Intro to Audition

What is Audition?#

Audition is the Triage model selection module. Model selection is the process of selecting a model group that is likely to perform well on future data. Audition makes model selection easy and repeatable, even when comparing hundreds of model groups.

Start by defining a set of coarse filtering rules that prune the worst-performing model groups. You can then apply more complex selection rules that rank model groups on factors like their performance over time or variability in performance.

Audition can compare the performance of these selection rules, helping you choose a selection rule that is likely to identify well-performing models in the future.

Audition works well in a Jupyter notebook, or any other environment that will conveniently display Audition's matplotlib output.

The Audition Python interface#

Initializing Auditioner#

This Auditioner object reads performance data from a database populated by a Triage Experiment. It loads information about the model groups selected by model_group_ids, over the training sets specified by train_end_times, and filters them as defined by initial_metric_filters.

from triage.component.audition import Auditioner

aud = Auditioner(
    db_engine = conn, # connection to a database populated by a Triage experiment
    model_group_ids=[i for i in range(101, 150)], # selecting model groups to evaluate
    train_end_times=end_times,
    initial_metric_filters=
        [{'metric': 'precision@',
          'parameter': '50_abs',
          'max_from_best': 0.3,
          'threshold_value': 0.5}],
    models_table='models',
    distance_table='best_dist',
    agg_type='worst'
)

Here, Auditioner drops all models group that meet at least one of these conditions in at least one training set:

Achieves precision at least 0.3 worse than the best performing model group
Achieves precision worse than 0.5

Note that the agg_type parameter is optional for aggregating metric values across multiple models for a given model_group_id and train_end_time combination (e.g., from different random seeds) -- mean, best, or worst (the default)

Selection rules#

Selection rules allow you to pare down your model groups even more.

Start by adding rules to a RuleMaker object:

from triage.component.audition.rules_maker import SimpleRuleMaker, create_selection_grid

rule = SimpleRuleMaker()

rule.add_rule_best_current_value(metric='precision@', parameter='50_abs', n=3)
rule.add_rule_best_average_value(metric='precision@', parameter='50_abs', n=3)

These rules select the top 3 models

Ranked by precision in the most recent training set
Ranked by average precision over all training sets.

Create a selection grid from your RuleMaker, and register it in your Auditioner object. This will generate a set of plots showing the performance of each rule, and allow you to view the top n models selected by each rule.

grid = create_selection_grid(rule)

aud.register_selection_rule_grid(grid, plot=True)
aud.selection_rule_model_group_ids

Metric Filters#

Auditioner implements two coarse filters for pruning worst-performing model groups.

These filters are defined on the metrics specified by the metric and parameter arguments in the initial_metric_filters dict. The combination of these two arguments should refer to a metric calculated by a Triage experiment.
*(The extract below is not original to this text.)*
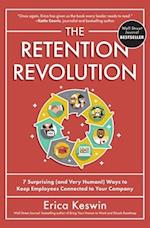 Retention Revolution: 7 Surprising (and Very Human!) Ways to Keep Employees Connected to Your Company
max_from_best: Model groups that perform this much worse than the best-performing model group in any period will be pruned.

threshold_value: Model groups that perform worse than this threshold in any period will be pruned.

Adding metric filters#

After defining an Auditioner instance, we can output the models permitted by the initial thresholds.

# Output the thresholded model group ids
aud.thresholded_model_group_ids

If that didn't thin things out too much, let's get a bit more agressive with both parameters. If we want to have multiple filters, then use update_metric_filters to apply a set of filters to the model groups we're considering in order to eliminate poorly performing ones. The model groups will be plotted again after updating the filters.

aud.update_metric_filters([{
    'metric': 'precision@',
    'parameter': '50_abs',
    'max_from_best': 0.5,
    'threshold_value': 0.12
}])
aud.thresholded_model_group_ids

The Audition CLI#

Besides its Python interface, Audition exposes a full-featured CLI.

Start by defining an Audition config file. Parameters in an Audition config map to arguments in the Python interface introduced above.

triage -d dbconfig.yaml audition --config audition_config.yaml --directory audition_output

This command will run Audition against the database specified in dbconfig.yaml, using options from audition_config.yaml. It will store the resulting plots in the directory audition_output.